Looking at medical malpractice through Bach’s eyes (Part 2)

Modern day medical treatment is founded on the consensual relationship between doctor and patient better known as informed consent. During the 1700s when medical paternalism ruled no consent from the patient was required before the doctor may proceed to treat the patient. It was only after the Nuremberg Trials that was held from 20 November 1945 to 1 October 1946, during which numerous Nazis was prosecuted for various atrocities suffered by Jews, committed by Nazis doctors during World War II under the auspices of medical research, that the requirement of informed consent was created in the Nuremberg Code. Although informed consent was then only required in terms of a code which could not be legally enforced, today informed consent is constitutionally protected in Section 12(2)(c) of the South African Constitution.
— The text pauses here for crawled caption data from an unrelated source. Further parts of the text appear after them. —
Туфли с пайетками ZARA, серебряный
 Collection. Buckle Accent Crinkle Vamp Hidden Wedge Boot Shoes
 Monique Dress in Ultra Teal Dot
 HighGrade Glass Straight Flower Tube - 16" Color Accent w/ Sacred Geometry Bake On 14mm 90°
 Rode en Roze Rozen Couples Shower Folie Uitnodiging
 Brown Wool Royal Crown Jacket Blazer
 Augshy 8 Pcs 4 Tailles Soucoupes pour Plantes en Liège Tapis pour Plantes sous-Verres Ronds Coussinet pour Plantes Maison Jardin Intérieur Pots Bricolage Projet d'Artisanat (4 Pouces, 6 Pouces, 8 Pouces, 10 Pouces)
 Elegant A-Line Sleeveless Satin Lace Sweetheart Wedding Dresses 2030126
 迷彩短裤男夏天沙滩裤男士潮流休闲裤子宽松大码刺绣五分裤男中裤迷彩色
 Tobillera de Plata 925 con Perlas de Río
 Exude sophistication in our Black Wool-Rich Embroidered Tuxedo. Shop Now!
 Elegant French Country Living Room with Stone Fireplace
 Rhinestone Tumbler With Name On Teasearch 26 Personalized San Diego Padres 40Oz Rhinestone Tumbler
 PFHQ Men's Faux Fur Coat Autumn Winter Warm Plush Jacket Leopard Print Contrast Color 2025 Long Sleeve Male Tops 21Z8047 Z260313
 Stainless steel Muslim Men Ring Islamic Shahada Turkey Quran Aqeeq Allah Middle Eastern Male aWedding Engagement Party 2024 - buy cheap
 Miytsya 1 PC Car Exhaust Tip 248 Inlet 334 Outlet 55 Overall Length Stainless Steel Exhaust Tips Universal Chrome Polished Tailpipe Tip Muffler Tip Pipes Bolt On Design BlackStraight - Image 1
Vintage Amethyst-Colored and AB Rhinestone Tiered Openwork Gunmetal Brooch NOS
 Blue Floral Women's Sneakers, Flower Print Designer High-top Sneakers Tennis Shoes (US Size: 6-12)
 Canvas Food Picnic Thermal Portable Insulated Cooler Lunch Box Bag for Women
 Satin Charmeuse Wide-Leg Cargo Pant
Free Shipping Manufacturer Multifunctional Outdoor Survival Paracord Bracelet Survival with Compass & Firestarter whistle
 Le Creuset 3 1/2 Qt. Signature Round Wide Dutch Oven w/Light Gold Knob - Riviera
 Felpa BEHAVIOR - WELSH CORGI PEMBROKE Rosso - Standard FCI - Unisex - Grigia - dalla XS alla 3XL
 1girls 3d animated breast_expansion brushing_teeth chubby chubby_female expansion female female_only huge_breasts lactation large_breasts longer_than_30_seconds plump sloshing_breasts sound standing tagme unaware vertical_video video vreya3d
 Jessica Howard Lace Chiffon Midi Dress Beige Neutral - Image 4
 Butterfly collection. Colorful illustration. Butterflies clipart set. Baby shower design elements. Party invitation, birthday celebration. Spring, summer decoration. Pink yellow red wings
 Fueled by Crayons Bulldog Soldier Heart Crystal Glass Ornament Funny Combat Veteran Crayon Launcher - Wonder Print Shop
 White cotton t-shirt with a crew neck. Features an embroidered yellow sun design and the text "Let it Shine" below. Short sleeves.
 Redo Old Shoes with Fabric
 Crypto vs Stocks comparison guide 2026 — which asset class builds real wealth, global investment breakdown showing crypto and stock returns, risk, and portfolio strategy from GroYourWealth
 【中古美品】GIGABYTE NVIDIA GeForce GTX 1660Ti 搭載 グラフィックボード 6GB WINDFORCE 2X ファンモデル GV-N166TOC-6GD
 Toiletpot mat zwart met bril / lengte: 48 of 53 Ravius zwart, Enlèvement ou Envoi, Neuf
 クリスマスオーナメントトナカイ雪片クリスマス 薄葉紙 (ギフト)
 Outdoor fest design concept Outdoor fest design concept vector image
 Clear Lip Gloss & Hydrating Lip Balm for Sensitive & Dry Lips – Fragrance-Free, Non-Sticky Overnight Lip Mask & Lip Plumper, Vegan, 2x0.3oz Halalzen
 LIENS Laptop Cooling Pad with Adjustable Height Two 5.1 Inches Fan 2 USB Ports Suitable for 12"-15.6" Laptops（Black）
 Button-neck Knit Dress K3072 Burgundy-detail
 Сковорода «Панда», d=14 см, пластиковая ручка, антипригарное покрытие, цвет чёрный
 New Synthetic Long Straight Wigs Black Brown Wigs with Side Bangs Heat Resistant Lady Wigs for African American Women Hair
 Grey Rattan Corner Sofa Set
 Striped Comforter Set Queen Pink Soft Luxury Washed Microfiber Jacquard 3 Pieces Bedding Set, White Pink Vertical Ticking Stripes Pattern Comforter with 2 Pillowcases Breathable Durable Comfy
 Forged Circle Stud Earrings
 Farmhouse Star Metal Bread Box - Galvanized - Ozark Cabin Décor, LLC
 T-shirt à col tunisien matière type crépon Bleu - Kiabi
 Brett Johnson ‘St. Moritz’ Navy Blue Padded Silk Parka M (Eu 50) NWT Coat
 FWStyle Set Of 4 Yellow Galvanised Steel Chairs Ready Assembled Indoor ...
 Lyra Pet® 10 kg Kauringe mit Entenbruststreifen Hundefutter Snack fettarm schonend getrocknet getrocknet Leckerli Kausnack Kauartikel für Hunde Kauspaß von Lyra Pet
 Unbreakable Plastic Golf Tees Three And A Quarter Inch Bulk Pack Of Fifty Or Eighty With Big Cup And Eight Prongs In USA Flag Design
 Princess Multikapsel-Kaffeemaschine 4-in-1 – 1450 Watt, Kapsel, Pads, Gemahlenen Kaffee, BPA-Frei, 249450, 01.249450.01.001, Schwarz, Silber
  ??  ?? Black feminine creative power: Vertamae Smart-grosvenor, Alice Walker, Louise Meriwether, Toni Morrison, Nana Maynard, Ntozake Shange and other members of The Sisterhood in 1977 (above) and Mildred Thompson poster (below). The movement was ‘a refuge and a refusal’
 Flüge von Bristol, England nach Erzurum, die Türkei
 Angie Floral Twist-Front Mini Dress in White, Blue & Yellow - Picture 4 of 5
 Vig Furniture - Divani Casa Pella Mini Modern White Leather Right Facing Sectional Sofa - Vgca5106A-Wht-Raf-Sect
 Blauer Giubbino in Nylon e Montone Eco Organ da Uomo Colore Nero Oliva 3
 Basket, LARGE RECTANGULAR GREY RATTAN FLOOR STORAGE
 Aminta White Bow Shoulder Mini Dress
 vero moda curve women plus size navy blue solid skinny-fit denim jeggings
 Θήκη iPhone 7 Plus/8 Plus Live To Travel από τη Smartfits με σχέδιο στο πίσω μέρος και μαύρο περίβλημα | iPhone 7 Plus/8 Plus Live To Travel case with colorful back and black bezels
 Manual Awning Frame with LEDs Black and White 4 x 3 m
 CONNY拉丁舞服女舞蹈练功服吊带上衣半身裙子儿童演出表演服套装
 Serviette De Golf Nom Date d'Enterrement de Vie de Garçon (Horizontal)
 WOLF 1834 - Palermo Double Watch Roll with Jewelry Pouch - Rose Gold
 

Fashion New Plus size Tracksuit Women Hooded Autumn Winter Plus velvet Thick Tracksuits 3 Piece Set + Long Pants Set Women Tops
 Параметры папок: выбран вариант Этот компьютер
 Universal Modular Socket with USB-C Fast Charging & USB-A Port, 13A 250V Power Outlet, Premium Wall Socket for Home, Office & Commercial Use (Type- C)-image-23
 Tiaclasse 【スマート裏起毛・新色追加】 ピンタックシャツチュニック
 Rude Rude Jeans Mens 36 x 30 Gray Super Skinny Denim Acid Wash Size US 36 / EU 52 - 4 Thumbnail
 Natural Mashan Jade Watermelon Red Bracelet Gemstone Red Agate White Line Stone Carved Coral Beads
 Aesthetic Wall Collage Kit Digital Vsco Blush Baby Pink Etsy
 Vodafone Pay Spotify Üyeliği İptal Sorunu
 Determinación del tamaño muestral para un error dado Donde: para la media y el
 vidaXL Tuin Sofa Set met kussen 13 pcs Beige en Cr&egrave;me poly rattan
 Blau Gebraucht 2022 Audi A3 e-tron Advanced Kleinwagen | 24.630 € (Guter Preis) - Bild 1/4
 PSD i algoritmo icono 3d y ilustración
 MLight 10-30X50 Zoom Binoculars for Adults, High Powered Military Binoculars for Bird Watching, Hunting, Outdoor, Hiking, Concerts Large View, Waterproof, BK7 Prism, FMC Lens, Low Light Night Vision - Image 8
However, informed consent aside, a doctor still owes a patient the duty of care and should a doctor therefore perform any operation with such professional skill as to avoid injuring the patient, especially in view of the doctors’ Hippocratic Oath to do no harm. Failure to attend to their duty of care may result in harm to the patient and a subsequent delictual claim for damages.

Because Bach, an adult of sound mind, sought and requested the services of Taylor, who happened to be in the right place at the right time, it can be accepted that Bach tacitly consented to medical treatment by Taylor when he commenced his examination and surgical treatment of Bach. However, in today’s terms, to qualify as legally binding informed consent, a doctor must have informed a patient of all material facts such as his diagnosis, the nature of his proposed medical treatment and the inherent risks of such treatment, described in simple terms to enable the patient to apply his mind intelligently.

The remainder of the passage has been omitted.